◆ Data:
%%
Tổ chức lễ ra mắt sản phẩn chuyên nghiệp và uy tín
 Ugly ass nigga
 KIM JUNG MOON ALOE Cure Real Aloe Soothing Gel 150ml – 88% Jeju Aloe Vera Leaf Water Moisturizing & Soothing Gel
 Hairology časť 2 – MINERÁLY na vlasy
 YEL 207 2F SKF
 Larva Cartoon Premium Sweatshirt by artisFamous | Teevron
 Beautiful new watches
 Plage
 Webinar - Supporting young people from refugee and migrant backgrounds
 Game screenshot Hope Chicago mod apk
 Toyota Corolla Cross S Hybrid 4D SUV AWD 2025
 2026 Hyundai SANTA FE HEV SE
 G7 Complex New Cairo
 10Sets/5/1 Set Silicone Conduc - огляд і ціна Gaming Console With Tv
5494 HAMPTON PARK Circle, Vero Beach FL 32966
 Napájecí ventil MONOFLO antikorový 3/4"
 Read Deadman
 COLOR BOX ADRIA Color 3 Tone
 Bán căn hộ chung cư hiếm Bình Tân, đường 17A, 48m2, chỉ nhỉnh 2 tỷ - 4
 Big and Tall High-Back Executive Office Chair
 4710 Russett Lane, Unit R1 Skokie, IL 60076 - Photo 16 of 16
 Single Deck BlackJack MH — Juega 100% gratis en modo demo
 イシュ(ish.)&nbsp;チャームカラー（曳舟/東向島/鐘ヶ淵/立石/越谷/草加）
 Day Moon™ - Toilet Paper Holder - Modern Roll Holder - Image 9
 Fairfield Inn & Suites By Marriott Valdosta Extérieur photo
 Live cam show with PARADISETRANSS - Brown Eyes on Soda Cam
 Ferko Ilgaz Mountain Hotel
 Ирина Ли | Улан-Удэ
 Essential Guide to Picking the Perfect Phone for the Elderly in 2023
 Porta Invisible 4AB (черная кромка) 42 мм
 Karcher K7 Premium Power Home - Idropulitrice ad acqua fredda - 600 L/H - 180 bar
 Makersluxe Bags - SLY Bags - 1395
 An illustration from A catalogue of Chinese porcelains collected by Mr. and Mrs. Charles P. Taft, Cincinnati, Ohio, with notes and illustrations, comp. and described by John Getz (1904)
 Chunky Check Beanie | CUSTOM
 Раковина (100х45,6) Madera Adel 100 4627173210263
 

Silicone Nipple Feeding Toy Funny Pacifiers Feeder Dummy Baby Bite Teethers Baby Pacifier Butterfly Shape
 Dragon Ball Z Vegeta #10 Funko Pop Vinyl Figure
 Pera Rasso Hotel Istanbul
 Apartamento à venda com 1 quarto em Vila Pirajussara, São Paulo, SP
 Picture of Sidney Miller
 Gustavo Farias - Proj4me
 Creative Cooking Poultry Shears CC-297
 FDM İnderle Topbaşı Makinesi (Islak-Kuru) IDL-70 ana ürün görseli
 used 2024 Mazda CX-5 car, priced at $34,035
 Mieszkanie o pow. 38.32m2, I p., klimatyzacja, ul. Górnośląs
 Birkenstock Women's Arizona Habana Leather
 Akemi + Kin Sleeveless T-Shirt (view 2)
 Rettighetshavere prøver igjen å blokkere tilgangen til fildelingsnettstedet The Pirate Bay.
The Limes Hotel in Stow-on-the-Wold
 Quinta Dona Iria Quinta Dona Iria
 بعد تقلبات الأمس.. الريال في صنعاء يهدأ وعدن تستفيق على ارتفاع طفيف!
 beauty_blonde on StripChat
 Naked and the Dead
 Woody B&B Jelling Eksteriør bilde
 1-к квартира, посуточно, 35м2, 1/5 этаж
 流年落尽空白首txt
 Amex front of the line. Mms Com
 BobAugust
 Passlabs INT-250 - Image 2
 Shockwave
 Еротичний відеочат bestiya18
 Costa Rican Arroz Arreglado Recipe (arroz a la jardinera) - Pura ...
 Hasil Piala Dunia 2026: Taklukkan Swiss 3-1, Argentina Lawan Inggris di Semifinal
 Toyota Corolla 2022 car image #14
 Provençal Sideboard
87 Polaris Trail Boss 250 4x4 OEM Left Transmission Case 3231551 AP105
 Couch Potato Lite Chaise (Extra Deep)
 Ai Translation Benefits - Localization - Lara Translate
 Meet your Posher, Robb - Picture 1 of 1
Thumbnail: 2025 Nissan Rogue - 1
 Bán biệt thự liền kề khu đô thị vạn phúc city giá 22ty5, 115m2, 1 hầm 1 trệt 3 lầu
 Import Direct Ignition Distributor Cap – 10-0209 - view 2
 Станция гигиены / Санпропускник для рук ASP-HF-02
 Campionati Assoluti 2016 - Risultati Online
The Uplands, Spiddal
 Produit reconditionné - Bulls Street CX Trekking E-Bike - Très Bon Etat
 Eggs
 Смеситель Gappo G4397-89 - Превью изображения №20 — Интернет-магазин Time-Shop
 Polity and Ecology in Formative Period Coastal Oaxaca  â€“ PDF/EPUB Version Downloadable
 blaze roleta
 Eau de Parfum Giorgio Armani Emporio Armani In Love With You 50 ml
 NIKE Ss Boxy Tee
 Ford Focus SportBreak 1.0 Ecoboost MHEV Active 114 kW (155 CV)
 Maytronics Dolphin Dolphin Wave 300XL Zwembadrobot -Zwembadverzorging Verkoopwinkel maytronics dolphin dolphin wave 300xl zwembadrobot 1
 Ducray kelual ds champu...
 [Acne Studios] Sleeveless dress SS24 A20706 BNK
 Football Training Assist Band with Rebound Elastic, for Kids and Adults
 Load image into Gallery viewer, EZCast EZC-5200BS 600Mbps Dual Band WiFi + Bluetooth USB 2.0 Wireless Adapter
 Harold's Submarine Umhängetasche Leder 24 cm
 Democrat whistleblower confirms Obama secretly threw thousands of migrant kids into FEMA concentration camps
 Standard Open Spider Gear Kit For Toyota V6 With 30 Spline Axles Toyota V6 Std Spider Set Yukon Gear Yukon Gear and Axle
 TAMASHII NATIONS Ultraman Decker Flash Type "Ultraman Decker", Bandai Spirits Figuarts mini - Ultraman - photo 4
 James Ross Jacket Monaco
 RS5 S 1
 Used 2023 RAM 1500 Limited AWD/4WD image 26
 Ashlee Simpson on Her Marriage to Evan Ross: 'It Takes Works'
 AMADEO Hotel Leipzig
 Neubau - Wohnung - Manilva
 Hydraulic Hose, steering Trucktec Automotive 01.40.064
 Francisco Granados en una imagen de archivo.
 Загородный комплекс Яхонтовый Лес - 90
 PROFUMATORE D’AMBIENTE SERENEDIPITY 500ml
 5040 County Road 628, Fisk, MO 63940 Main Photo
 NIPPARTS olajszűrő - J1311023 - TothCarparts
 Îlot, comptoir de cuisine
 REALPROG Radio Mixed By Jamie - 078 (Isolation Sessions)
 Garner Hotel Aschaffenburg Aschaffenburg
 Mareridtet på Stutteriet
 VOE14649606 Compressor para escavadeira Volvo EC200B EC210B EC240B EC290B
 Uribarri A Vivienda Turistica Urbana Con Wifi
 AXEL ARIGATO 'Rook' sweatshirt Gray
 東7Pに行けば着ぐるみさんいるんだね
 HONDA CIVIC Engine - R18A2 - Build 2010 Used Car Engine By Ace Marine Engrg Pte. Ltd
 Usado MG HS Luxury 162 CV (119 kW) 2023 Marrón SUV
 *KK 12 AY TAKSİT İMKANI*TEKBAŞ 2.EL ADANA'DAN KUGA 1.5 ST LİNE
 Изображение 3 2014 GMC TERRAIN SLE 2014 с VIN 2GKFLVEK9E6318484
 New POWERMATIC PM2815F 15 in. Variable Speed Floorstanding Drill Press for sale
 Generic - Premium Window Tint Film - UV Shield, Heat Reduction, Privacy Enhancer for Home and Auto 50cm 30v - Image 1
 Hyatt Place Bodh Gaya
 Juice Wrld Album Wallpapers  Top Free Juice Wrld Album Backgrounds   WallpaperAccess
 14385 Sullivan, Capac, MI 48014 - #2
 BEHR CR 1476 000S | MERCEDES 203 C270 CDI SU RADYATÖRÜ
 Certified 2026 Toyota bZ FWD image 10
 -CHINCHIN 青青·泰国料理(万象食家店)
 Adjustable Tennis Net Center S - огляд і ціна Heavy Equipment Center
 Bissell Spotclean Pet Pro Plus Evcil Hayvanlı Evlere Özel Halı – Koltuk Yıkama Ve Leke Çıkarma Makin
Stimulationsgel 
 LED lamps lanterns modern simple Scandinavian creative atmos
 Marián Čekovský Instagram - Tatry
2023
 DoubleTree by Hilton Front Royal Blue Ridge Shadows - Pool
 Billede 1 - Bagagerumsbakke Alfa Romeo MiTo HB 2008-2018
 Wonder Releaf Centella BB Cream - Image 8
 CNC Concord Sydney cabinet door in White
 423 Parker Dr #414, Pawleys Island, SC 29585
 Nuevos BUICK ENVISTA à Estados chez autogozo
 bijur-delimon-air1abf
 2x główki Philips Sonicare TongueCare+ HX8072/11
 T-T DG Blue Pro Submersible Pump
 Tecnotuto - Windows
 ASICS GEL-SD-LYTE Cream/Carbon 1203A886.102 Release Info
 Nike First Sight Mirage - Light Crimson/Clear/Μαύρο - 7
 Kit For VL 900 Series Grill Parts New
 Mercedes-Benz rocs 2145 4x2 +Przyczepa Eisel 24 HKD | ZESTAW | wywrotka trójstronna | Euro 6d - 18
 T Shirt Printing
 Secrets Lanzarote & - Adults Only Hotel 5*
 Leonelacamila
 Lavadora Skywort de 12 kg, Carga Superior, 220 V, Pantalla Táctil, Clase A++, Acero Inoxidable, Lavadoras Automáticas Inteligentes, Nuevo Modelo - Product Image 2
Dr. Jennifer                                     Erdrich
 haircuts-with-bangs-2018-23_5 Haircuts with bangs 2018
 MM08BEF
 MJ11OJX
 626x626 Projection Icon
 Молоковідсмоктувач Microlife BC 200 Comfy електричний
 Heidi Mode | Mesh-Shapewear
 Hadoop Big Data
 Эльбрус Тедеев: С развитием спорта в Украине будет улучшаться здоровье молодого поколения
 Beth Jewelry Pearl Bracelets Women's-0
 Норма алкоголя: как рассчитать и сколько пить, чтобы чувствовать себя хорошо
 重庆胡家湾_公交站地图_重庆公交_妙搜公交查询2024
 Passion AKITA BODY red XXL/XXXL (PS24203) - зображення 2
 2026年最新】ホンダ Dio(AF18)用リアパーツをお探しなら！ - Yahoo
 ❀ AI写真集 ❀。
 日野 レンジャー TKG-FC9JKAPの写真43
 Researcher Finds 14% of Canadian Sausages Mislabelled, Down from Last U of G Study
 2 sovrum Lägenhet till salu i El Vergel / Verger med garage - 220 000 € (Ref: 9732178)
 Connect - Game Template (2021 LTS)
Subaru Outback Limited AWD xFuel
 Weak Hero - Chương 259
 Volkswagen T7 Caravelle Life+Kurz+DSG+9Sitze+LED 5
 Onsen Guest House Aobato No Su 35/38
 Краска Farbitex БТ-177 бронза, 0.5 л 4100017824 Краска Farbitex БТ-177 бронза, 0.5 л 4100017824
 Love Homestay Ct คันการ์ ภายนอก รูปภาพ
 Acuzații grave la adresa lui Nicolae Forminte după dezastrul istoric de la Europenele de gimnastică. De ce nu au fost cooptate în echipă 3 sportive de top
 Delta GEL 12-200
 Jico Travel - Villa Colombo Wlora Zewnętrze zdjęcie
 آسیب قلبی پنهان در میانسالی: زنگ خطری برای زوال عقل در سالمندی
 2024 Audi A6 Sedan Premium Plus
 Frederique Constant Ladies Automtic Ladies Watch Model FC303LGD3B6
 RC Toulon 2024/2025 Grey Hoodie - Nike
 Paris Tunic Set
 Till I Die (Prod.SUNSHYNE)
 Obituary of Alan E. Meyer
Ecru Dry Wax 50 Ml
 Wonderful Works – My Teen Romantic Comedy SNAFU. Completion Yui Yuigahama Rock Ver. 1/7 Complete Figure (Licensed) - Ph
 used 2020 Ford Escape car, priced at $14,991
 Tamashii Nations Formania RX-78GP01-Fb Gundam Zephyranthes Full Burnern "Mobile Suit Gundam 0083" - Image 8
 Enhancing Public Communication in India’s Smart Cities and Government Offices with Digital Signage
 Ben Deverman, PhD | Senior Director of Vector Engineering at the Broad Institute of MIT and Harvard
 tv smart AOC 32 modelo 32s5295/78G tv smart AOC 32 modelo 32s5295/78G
%%
Reproduce exactly the lines of the records above from the one with "Ford Focus SportBreak" to the one with "Ducray kelual ds champu...", both included, and leave out everything else.

 Ford Focus SportBreak 1.0 Ecoboost MHEV Active 114 kW (155 CV)
 Maytronics Dolphin Dolphin Wave 300XL Zwembadrobot -Zwembadverzorging Verkoopwinkel maytronics dolphin dolphin wave 300xl zwembadrobot 1
 Ducray kelual ds champu...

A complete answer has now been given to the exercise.